Performance Overview
April muni returns bounced back from March weakness.
Fixed-income markets were focused on escalating geopolitical tensions in April, as rising oil prices fueled concerns about inflation. While ceasefire agreements in the Middle East provided some optimism early in the month, Treasury yields ultimately moved higher amid stalled diplomatic progress and uncertainty surrounding the Federal Reserve leadership transition. In total, Treasury yields increased by 5-8 basis points (bps) across the curve. Municipals shrugged off the negative returns seen in taxable fixed-income markets, as well as the traditional technical weakness that typically pressures the asset class in April. High-grade municipal yields rallied 8-16 bps across intermediate and shorter maturities during the month and the Bloomberg Municipal Bond Index returned 1.15%. The rebound from March’s steep underperformance led year-to-date (YTD) returns back into positive territory at 0.97%.
Technicals
Muni demand tracking at a strong $30 billion so far this year.
Municipal technicals began the month on weaker footing as tax season concluded, but improved as April progressed. April new issuance was elevated at $51 billion, slightly below the $53 billion recorded both in March and April 2025. Demand remained firm, with municipal mutual funds recording approximately $5 billion of net inflows during the month, largely comprised of long-term fund flows, according to Lipper. YTD inflows are tracking at a robust $30 billion through April, which if sustained through year-end would outpace the prior year’s demand trend.
Fundamentals
Munis continue to benefit from strong revenue collections and elevated cash.
Credit fundamentals continue to demonstrate resilience, though late-cycle characteristics are emerging. Several large issuers are contending with delayed budgets and projecting longer-term budgetary shortfalls. YTD in 2026, the three major rating agencies have downgraded more debt than they have upgraded, by a ratio of 1.3x. In the high-yield segment, some larger issuers have drawn on debt service reserve funds and may pursue restructurings. That said, the broader municipal market continues to benefit from strong revenue collections and elevated cash balances. However, given relatively tight spread levels, Western Asset believes active credit selection remains critical.
Valuations
Taxable equivalent yields remained elevated in April.

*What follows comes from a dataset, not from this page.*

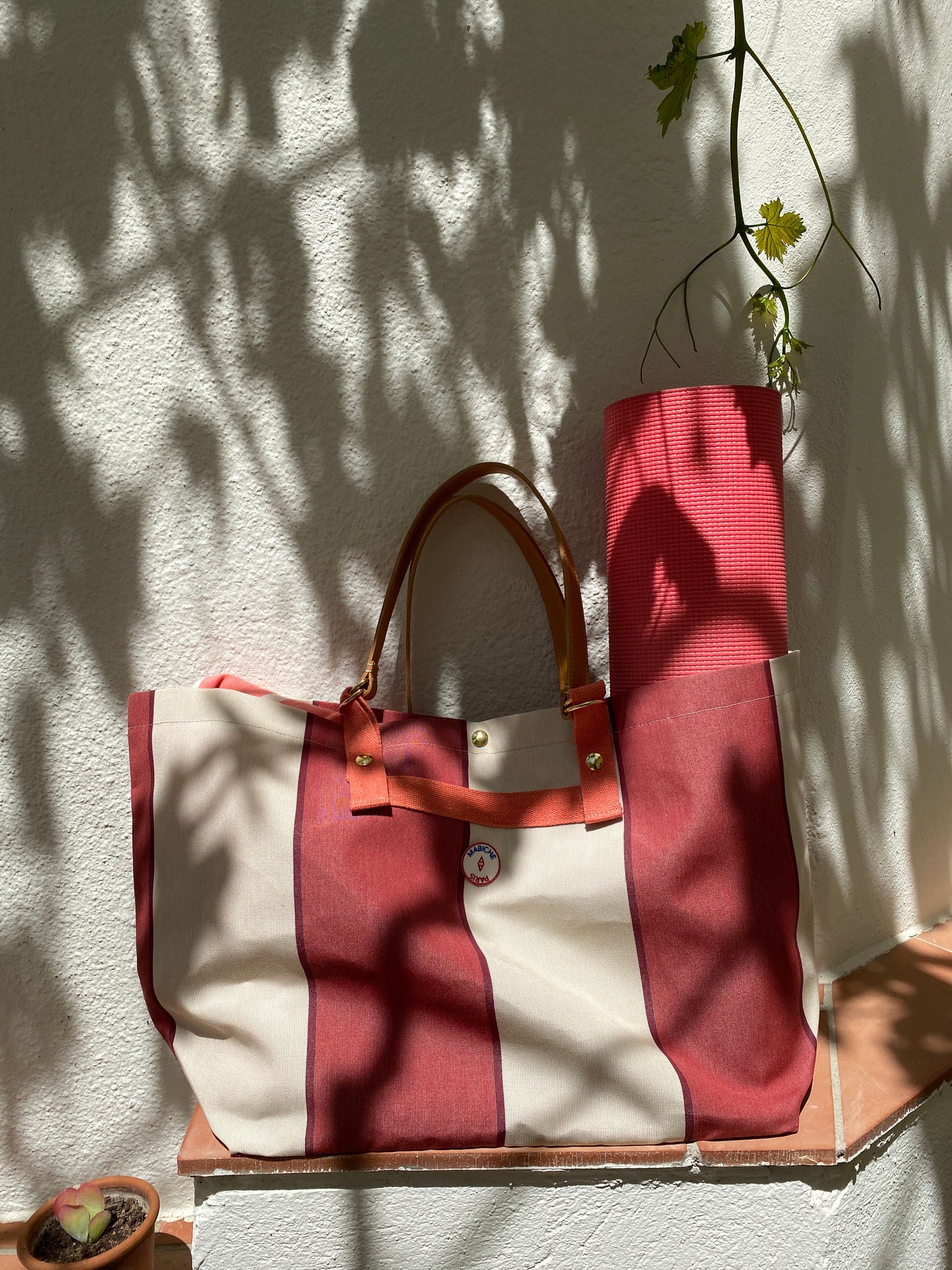 Cabas Monaco rayures blanc rouge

Despite recent outperformance, Western Asset believes the municipal market continues to offer attractive after-tax income opportunities. The Bloomberg Municipal Bond Index yield-to-worst stands at 3.68%, or 6.22% on a taxable-equivalent basis for top federal taxpayers, above historical averages and competitive with lower-rated taxable fixed income sectors. Income opportunities have improved across much of the curve, with 10-year high-grade yields rising more than 20 bps YTD to approximately 3.0%, and longer maturities increasing by 17 bps to around 4.3%. As seasonal technical headwinds fade, these levels could present an attractive opportunity for investors to reposition income and risk exposures in line with overall objectives.